The New Craftsmen present new maker Jo Sweeting, described by author Robert MacFarlane as ‘unmistakably among the handful of leading stone-carvers and sculptors in the country’.\n
After studying Fine Art and Sculpture at Leeds School of Art working primarily in clay, Jo was introduced to stone and was immediately taken by the way it retained each and every mark applied. She learned to carve at the Skelton Workshop, the home of the late John Skelton, nephew of and apprentice to Eric Gill. Jo’s work often takes on themes of language, time and place, with a fondness for dialect. Working chiefly with found and quarried stone, Jo’s lapidary art is in constant dialogue with the natural world, allowing herself to be led by the organic form of the material.\n
While Jo was out walking in Sussex in autumn, she found herself drawn to the ground with each step. She observed many beautiful objects, from lichens to feathers and twigs that had fallen. She found these discoveries simple yet exquisite when held and viewed closely.\n
“There was a leaf held in a spider’s web, rotating and swirling and it stopped me in my tracks,” she shared.\n \n
This fondness for the tiny and overlooked, led to the ‘Fallen’ collection; five stone carvings, described by Jo as a celebration and memorial to the overlooked, forgotten and transient.
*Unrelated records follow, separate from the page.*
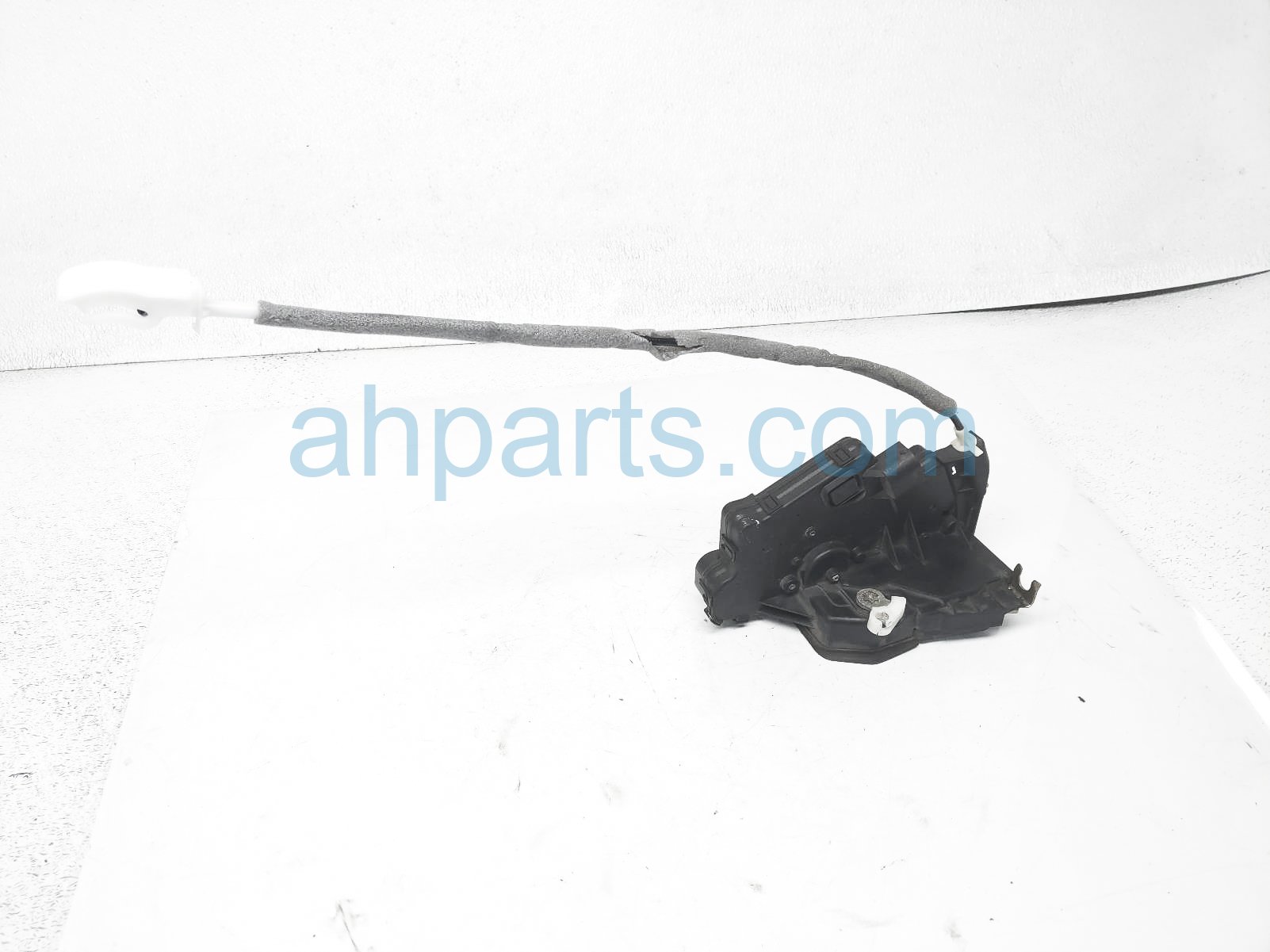 $30 BMW FR/RH DOOR LOCK ACTUATOR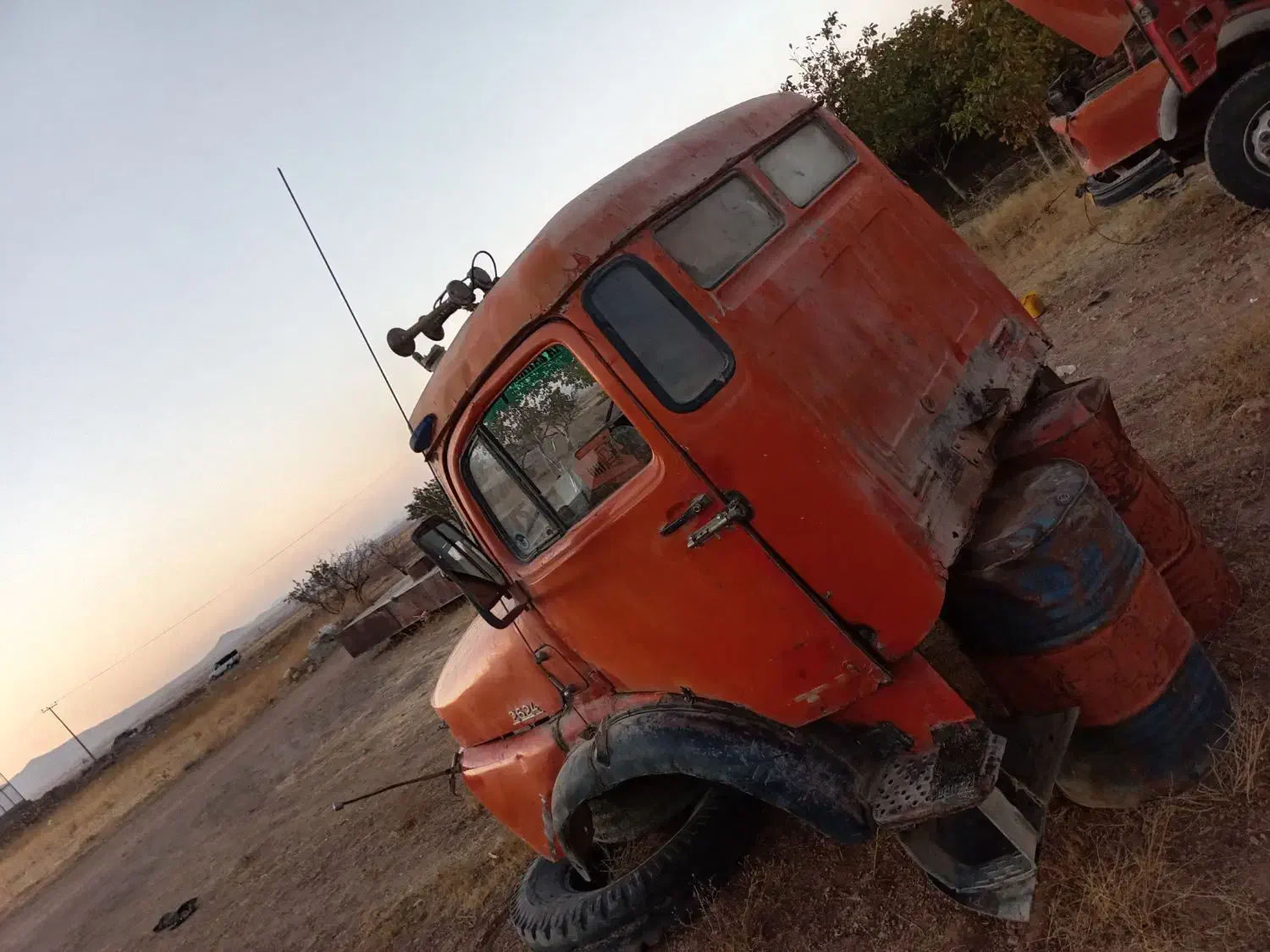 اتاق بنز دماغ دار|قطعات یدکی و لوازم جانبی|سجاس رود, |دیوار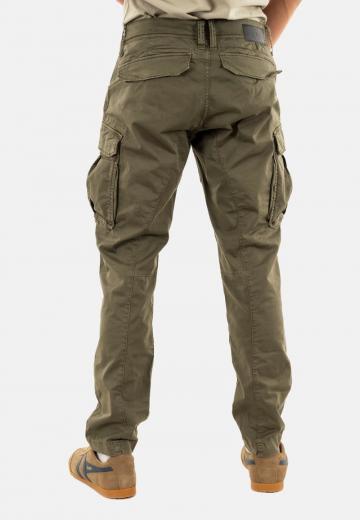 Брюки с накладными карманами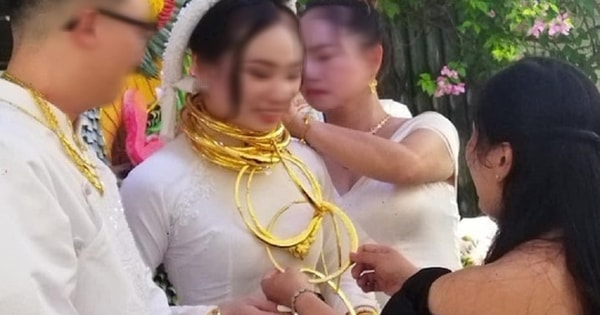 Cô dâu đeo vàng trĩu cổ, nhận 5 tỉ đồng trong ngày lễ nạp tài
“The Fallen Collection is inspired by words, they ignite and flare. Dialect and conversations are always the beginning of my process. Whole series of works can come from one word, as this first collection has been,” she shared.\n \n
Jo’s work is primarily informed by the Buddhist concept of ‘Shul’, a marking which remains after the thing that made it has passed through. A dry riverbed, a hollow made by an animal in the grass, a path formed by a regular tread of footsteps, Shul is the impression of what once was there. It is an absence that becomes a presence itself.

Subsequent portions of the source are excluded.